> [Record excerpts]
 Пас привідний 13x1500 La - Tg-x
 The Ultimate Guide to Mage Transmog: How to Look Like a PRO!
--
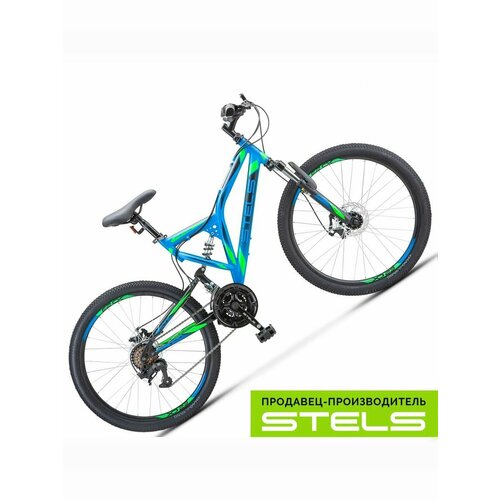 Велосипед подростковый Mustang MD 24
==
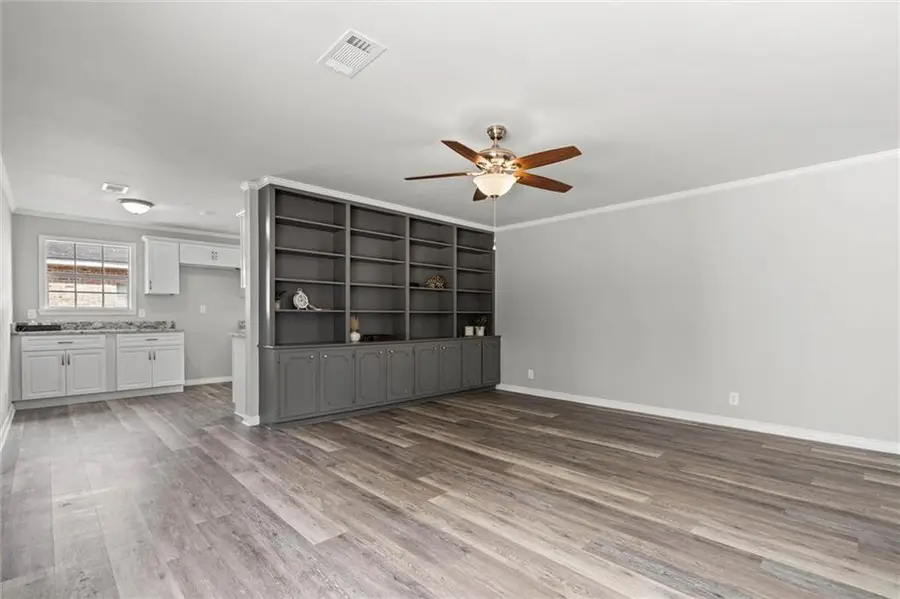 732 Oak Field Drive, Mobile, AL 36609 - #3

> [About this task] Starting at the line above that contains "Пас привідний 13x1500 La - Tg-x", write out each line exactly until the line that contains "The Ultimate Guide" has been written, and stop there.

> [Response for this exercise]
 Пас привідний 13x1500 La - Tg-x
 The Ultimate Guide to Mage Transmog: How to Look Like a PRO!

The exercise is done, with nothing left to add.